South Korean battery-maker SK Innovation will team up with 2019 Nobel Prize-winner John Goodenough to develop a new solid-state gel battery. Goodenough is best known as part of the team of scientists that invented the rechargable lithium-ion battery during the 70s and 80s. The team, which also included British-American chemist …
Glad to see it is ready for mass production, and that Goodenough is still alive and kicking. Amazing considering how many different people, companies, universities, and countries are pouring countless billions into battery research, and a guy nearing 100 years old is still able to outdo all / almost all of them!
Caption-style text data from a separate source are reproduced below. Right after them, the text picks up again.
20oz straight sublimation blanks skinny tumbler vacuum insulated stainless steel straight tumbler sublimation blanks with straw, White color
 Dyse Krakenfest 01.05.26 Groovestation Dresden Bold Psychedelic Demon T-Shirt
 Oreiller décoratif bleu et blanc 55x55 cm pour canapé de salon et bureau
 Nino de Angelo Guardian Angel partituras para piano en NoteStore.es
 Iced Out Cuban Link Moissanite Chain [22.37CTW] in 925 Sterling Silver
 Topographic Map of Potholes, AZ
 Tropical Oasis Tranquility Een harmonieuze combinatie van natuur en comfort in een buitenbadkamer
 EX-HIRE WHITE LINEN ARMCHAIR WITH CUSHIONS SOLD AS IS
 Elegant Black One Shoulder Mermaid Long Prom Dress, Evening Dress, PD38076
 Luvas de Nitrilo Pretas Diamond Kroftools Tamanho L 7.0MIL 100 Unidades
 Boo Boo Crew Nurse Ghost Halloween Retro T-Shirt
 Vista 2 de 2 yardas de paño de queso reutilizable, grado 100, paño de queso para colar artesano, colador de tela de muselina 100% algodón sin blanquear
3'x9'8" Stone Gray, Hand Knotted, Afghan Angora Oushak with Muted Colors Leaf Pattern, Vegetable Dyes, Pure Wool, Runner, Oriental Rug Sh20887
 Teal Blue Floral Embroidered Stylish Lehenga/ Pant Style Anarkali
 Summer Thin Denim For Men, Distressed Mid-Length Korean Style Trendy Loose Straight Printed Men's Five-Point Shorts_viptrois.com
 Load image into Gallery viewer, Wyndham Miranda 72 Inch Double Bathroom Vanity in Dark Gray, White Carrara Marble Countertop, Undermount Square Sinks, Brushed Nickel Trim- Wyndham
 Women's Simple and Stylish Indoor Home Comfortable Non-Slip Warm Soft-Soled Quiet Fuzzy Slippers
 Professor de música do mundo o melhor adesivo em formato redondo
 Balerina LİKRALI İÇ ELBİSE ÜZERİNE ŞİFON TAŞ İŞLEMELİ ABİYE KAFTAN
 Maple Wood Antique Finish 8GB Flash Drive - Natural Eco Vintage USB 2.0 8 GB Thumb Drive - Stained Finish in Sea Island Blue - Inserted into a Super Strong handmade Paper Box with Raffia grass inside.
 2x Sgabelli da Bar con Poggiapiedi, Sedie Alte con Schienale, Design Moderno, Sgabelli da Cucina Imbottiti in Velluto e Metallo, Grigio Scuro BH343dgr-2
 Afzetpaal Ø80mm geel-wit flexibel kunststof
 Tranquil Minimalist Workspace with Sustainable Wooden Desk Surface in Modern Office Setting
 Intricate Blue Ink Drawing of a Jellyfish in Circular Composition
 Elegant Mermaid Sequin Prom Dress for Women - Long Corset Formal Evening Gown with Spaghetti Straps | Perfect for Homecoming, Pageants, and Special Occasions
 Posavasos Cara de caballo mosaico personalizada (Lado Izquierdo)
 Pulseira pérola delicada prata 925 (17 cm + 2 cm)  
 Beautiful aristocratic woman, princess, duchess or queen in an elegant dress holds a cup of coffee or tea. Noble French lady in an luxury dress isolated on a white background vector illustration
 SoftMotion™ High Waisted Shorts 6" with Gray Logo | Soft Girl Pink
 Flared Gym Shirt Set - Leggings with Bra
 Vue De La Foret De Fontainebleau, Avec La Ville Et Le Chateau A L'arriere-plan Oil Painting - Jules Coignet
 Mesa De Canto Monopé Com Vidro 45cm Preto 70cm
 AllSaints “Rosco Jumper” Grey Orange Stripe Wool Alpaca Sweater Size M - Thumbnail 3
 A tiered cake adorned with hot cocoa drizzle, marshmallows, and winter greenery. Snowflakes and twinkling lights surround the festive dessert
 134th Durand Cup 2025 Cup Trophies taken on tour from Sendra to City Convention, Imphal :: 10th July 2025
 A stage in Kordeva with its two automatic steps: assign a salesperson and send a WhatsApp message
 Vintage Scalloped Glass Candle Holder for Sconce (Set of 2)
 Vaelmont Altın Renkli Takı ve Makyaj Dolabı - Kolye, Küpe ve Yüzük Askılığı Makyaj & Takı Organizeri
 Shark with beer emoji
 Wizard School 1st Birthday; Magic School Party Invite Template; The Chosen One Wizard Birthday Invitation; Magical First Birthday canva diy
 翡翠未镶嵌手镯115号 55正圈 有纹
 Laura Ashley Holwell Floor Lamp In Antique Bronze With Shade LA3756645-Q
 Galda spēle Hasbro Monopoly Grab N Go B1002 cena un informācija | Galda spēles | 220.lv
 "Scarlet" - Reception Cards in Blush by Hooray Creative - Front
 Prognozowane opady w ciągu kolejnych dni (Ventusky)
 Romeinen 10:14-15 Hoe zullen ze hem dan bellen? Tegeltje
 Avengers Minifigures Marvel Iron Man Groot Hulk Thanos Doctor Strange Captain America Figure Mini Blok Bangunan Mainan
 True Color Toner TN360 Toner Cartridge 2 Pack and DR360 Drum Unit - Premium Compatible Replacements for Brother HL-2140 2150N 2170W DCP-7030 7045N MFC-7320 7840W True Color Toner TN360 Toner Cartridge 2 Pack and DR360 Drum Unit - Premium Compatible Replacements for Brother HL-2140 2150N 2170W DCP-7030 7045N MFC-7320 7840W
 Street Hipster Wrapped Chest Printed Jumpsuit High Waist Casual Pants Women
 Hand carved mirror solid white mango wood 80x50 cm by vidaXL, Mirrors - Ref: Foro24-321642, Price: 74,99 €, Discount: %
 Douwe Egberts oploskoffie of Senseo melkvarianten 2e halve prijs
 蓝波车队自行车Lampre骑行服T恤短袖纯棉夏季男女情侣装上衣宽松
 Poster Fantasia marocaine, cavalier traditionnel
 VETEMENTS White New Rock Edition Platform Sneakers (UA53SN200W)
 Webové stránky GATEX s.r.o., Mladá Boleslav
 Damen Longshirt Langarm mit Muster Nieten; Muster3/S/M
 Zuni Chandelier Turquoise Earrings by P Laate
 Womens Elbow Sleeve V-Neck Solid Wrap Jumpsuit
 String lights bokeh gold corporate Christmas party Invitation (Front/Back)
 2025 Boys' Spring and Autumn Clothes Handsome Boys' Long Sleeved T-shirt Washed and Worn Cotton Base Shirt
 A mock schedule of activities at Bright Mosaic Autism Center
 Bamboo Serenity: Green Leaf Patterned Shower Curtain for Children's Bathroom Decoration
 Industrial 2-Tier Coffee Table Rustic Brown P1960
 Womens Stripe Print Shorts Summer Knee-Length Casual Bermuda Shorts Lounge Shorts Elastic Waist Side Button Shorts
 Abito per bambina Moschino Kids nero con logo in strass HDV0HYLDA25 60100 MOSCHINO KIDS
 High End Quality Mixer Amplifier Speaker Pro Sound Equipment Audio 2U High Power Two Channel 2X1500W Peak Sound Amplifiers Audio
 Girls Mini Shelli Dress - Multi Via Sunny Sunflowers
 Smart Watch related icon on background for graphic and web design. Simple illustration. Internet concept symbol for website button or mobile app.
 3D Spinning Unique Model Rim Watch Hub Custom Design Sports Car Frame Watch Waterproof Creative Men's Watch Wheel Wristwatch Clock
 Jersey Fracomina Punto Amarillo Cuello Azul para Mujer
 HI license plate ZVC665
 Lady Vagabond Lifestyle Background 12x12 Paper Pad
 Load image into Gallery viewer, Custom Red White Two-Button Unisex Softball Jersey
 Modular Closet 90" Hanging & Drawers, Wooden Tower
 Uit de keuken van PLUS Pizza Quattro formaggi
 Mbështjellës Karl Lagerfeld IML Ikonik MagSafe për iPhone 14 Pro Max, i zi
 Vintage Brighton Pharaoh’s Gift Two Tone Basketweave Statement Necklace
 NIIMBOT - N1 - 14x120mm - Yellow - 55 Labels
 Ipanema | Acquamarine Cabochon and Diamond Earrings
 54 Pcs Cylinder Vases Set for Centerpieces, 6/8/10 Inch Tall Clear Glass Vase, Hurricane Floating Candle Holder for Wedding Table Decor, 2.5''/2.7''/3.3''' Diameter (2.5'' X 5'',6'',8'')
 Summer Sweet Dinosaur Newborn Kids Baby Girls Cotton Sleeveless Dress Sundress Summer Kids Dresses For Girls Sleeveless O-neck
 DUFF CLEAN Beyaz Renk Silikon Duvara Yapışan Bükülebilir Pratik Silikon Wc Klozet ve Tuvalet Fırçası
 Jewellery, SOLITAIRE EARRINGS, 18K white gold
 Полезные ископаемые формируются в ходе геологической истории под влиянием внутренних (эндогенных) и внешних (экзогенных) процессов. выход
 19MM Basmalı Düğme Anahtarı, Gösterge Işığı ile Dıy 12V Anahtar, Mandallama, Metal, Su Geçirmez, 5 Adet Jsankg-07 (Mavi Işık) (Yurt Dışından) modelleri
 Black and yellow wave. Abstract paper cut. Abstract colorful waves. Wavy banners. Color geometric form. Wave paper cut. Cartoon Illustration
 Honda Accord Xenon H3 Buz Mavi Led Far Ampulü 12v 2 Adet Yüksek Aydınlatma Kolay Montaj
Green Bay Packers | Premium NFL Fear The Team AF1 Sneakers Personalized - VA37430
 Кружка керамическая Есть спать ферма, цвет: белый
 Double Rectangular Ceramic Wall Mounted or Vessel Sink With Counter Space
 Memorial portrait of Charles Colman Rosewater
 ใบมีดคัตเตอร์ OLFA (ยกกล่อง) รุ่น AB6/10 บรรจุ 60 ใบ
If anyone deserves a pint, he does!
Experience really does help, and when you've basically invented the field of research you probably know what doesn't work rather well from knowing all of the failed avenues that've been tried before.
He's probably also got an awful lot of people working with him, and frankly somebody respected who's been around the block enough to know what doesn't work can speed things up tremendously simply by steering the bright, energetic and enthusiastic younger workers away from expending their effort on things that have been proven to not work, meaning that immediately their efforts are more likely to achieve something.
And that's before he actually starts doing any work himself.
A quick googling doesn't get one a whole lot of information on this particular battery. What is interesting is that Wikipedia tells us that a number of Chinese companies have already begun to produce solid-state batteries for cars and the like: https://en.wikipedia.org/wiki/Solid-state_battery
There seems to be a lot of research on the topic, with for example a few recent articles on SHGP and GPE-based batteries:
https://www.sciencedirect.com/science/article/abs/pii/S2405829718310419
https://pubs.acs.org/doi/abs/10.1021/acsaem.0c00574
https://iopscience.iop.org/article/10.1149/1945-7111/ab80d0
How does the battery tech in the article relate to this research?
Ummmm. Ages ago I watched a program (Bang Goes the Theory?) where an inventor had a battery that he took a pair of scissors to while it was connected up and there were no problems. No squishy ooze coming out either.
There are lots of important parameters for a battery in something like a car or a fondleslab. Energy density is a big one along with charge/discharge rates. The biggest rule in engineering is that everything is a compromise. If you optimize for one parameter, something else suffers. Lithium Titinate batteries can be charged really fast, but they have poor power density. Not a good match for a passenger car, but it can be great for a city bus.
We'll have to wait and see if this new battery makes it out of the lab anytime soon and what it's good for.
The world is not enough
Bond thwarts plans by a megalomanic automotive manufacturer to steal Professor Goodenough's blueprints for his new battery technology.
Reprising her role as Mary Goodnight will be Britt Eckland. A cameo by Elon Musk driving the Lotus Esprit from the Spy Who Loved Me.